Herr Huber hat Besuch. Sein Freund Michael ist gekommen. Frau Huber hat den beiden Herren freundlicherweise einen Kaffee gekocht und ist dann weggefahren, um die Tochter vom Schlittschuhlaufen abzuholen. Angeregt unterhalten sich die Freunde. Bis der Kaffee kommt, sind sie schon »mittendrin«. Nun merkt Herr Huber, während er Michael engagiert etwas erklärt, daß kein Zucker auf dem Tisch steht. Er will nicht unterbrechen (er hat ja das Ziel, Michael eine gute Erklärung zu geben). Also winkt er seinem Freund und geht, während er weiterspricht, in die Küche.

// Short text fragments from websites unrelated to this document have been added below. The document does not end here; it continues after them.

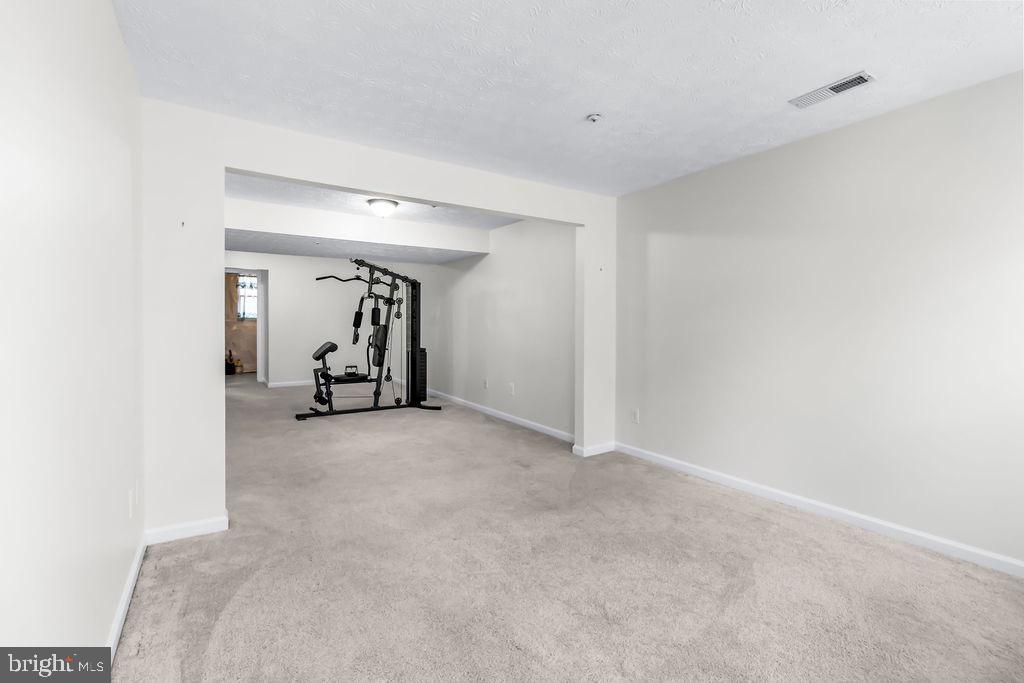 RUSSETT - Residential Lease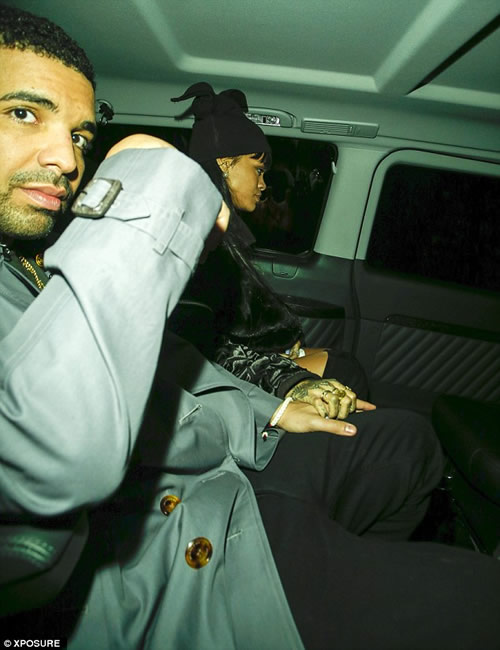 又在一起! Drake和旧爱Rihanna晚上重聚在餐厅..男友Travis Scott你在哪里? (照片)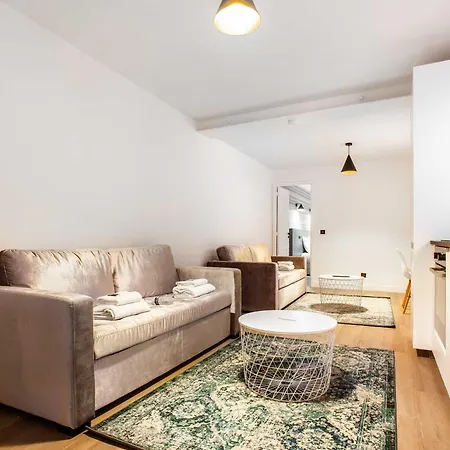 Elegant - 2bd - 8p - Eiffel Tower Дом отдыха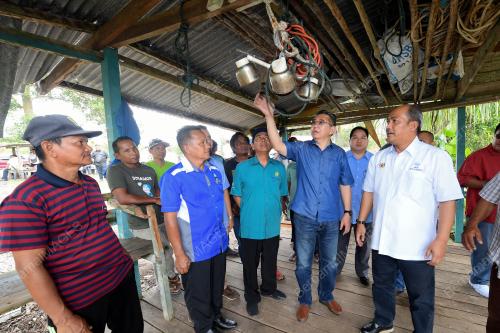 DATUK SERI SALAHUDDIN AYUB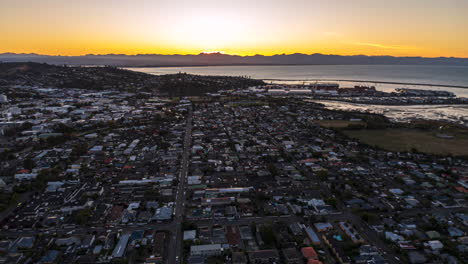 Timelapse-De-Seguimiento-Aéreo-Rápido-Sobre-Nelson,-Nueva-Zelanda-Al-Atardecer,-Justo-Antes-Del-Anochecer.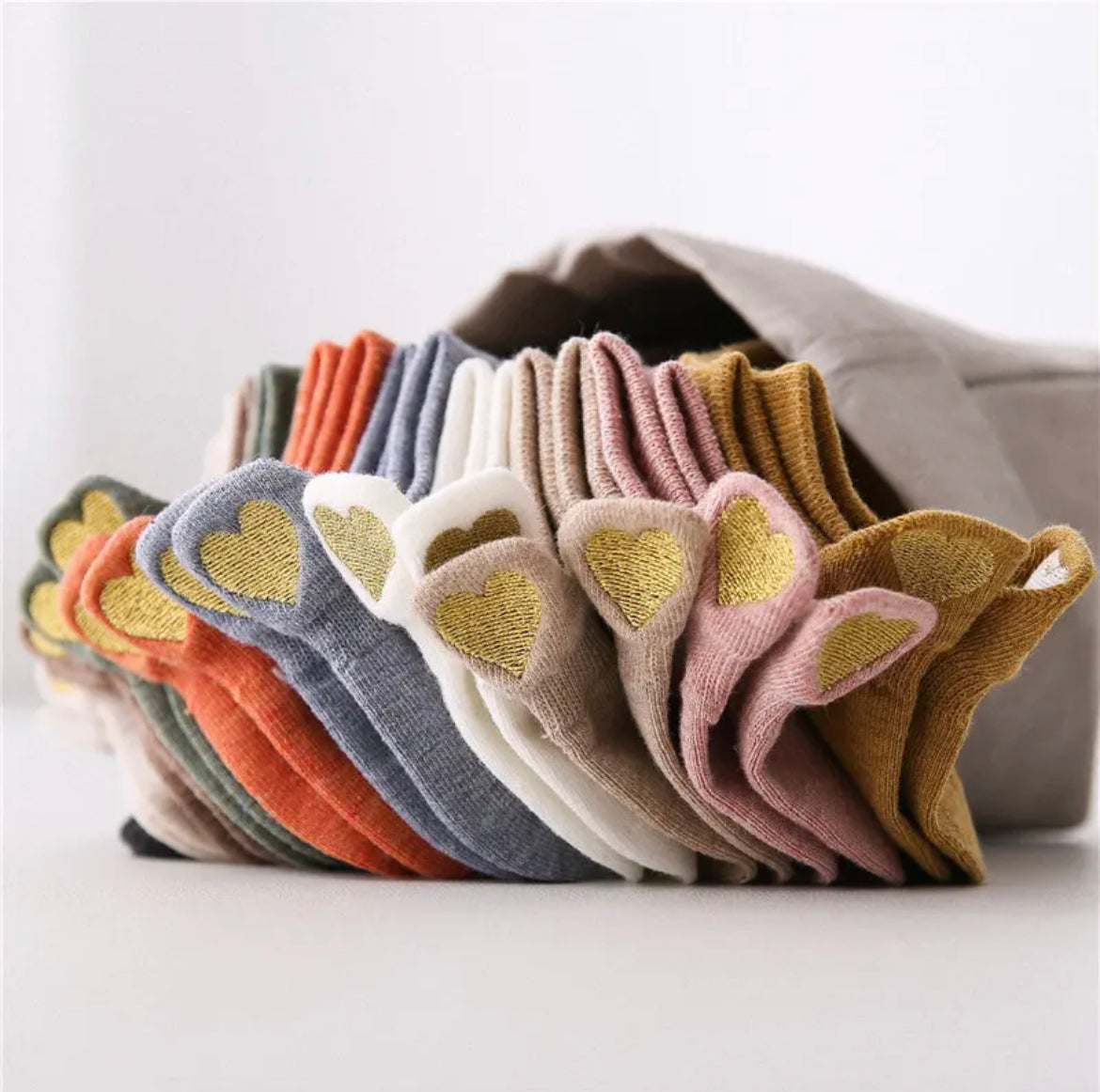TORIA LEE | White Love Socks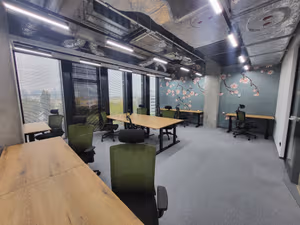 7 Person Private Office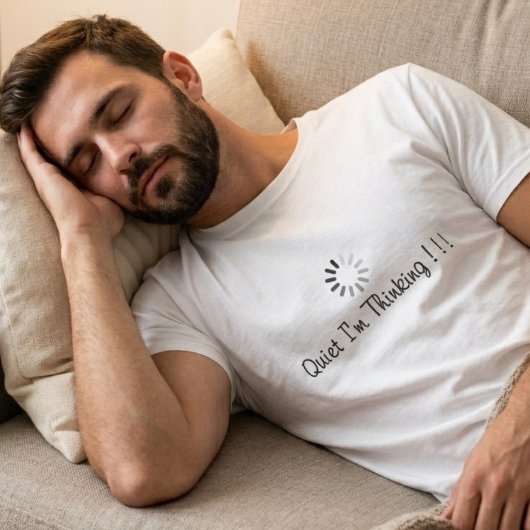楽しい静かな考え中 ブラックタイポグラフィー Tシャツ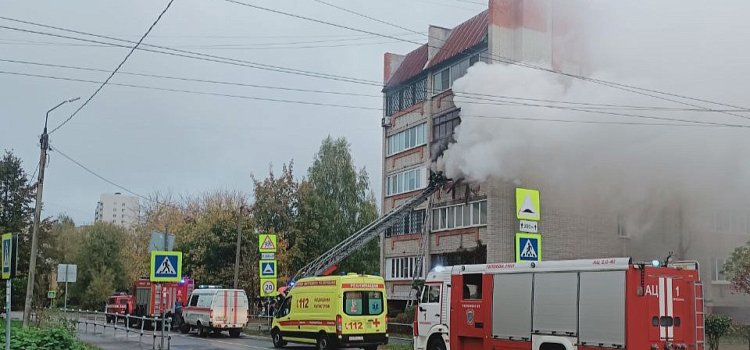В Ярославле при пожаре в жилом доме пострадала женщина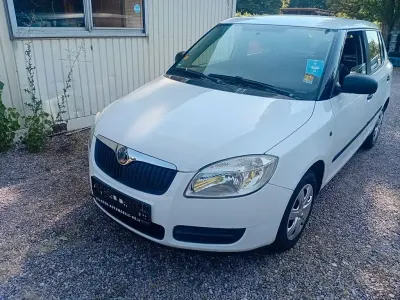 Gebraucht Skoda Fabia Ambiente 60 PS (44 kW) 2009 Weiß Limousine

Michael begleitet ihn und lehnt sich gegen eine Küchenwand, während Herr Huber nach dem Zucker greifen will, der auf dem Regal steht, ohne seine Erklärung zu unterbrechen. Er will sich aufstützen und faßt dabei auf eine Herdplatte, die aber noch heiß ist. Sofort empfindet er heftige Unlustgefühle, die sein Denkhirn zunächst »total« blockieren. Er schreit auf, gleichzeitig die Hand wegziehend (Fluchtverhalten) und schüttelt jetzt die Hand vor Michaels Nase in der Luft (um die Haut abzukühlen, eine Reflexhandlung, ausgelöst vom Rep.). Einen Moment später löst sich die »totale« Denkblockade teilweise auf: Er schreit einige höchst unfreundliche Sätze, Ehefrauen und vergessenen Zucker betreffend, bis er sich langsam beruhigt. Nun kann sein Denkhirn über eine Strategie zum Abbau des Unlustgefühls nachdenken. Soll er nun Mehl draufstreuen, wie man es in seiner Kindheit tat? Oder sollte er die »neue« Theorie ausprobieren und Eiswürfel auflegen?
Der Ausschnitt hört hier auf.